Awards hereunder may be made at any time prior to the termination of the Plan, provided that no Incentive Stock Option may be granted later than ten years after the date on which the Plan was approved by the Board.
7.2 Amendment. The Board may amend the Plan as it shall deem advisable; provided, however, that no amendment to the Plan shall be effective without the approval of the Company’s stockholders if (i) stockholder approval is required by applicable law, rule or regulation, including any rule of the principal stock exchange on which the Common Stock is then traded, or (ii) such amendment seeks to modify the prohibition on repricing set forth in Section 4.4; provided further, that no amendment may materially impair the rights of a holder of an outstanding award without the consent of such holder.
7.3 Agreement. Each award granted under the Plan shall be evidenced by an Agreement setting forth the terms and conditions applicable to such award. No award shall be valid until an Agreement is executed by the Company and, unless otherwise specified by the Company, accepted by the recipient by electronic or such other means approved by the Company. Upon such execution by the Company and acceptance by the recipient, such award shall be effective as of the effective date set forth in the Agreement.

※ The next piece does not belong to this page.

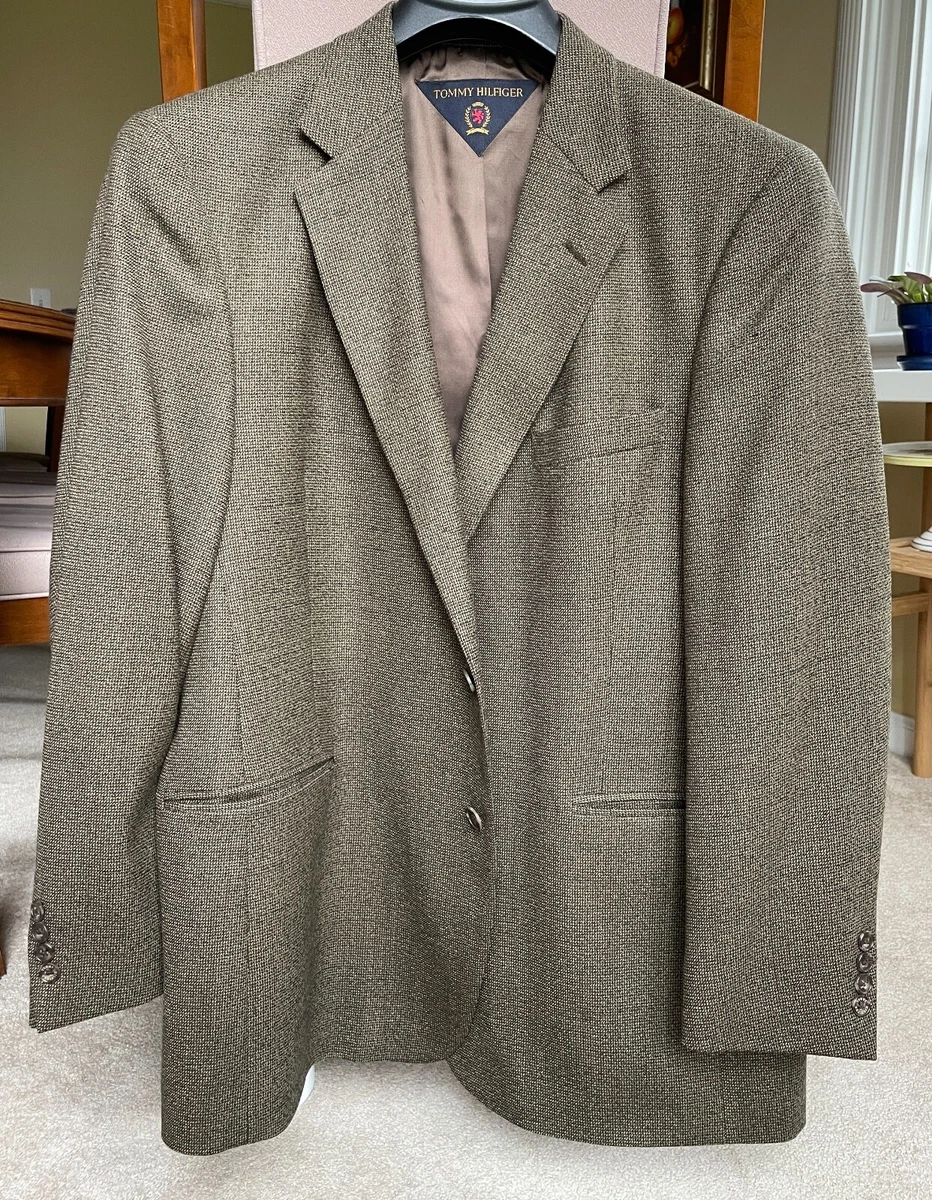 Antage forum Mediate Men&#039;s Tommy Hilfiger Khaki Green Tweed Suit Jacket 46 R Preowned | eBay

7.4 Designation of Beneficiaries. Each employee may designate a beneficiary or beneficiaries (both primary and contingent) in the event of the employee’s death with respect to his or her awards by executing and filing with the Company during his or her lifetime a beneficiary designation in such form as prescribed by the Company. The employee may change or revoke any such designation by executing and filing with the Company during his or her lifetime a new beneficiary designation in such form as prescribed by the Company. To the extent that an outstanding Stock Option or SAR is exercisable, upon the employee’s death such beneficiary or beneficiaries shall be entitled to exercise such Stock Option or SAR pursuant to procedures established by the Company. If all designated beneficiaries predecease the employee, and if each corporation, partnership, trust or other entity which is a designated beneficiary is terminated, dissolved, becomes insolvent, or is adjudicated bankrupt prior to the date of the employee’s death, or if the employee fails to designate a beneficiary, then the following Persons in the order set forth below shall be the designated beneficiary or designated beneficiaries of such employee:
i) the employee’s spouse, if living; or if none,
ii) the employee’s then living descendants, per stirpes; or if none,
iii) the employee’s estate.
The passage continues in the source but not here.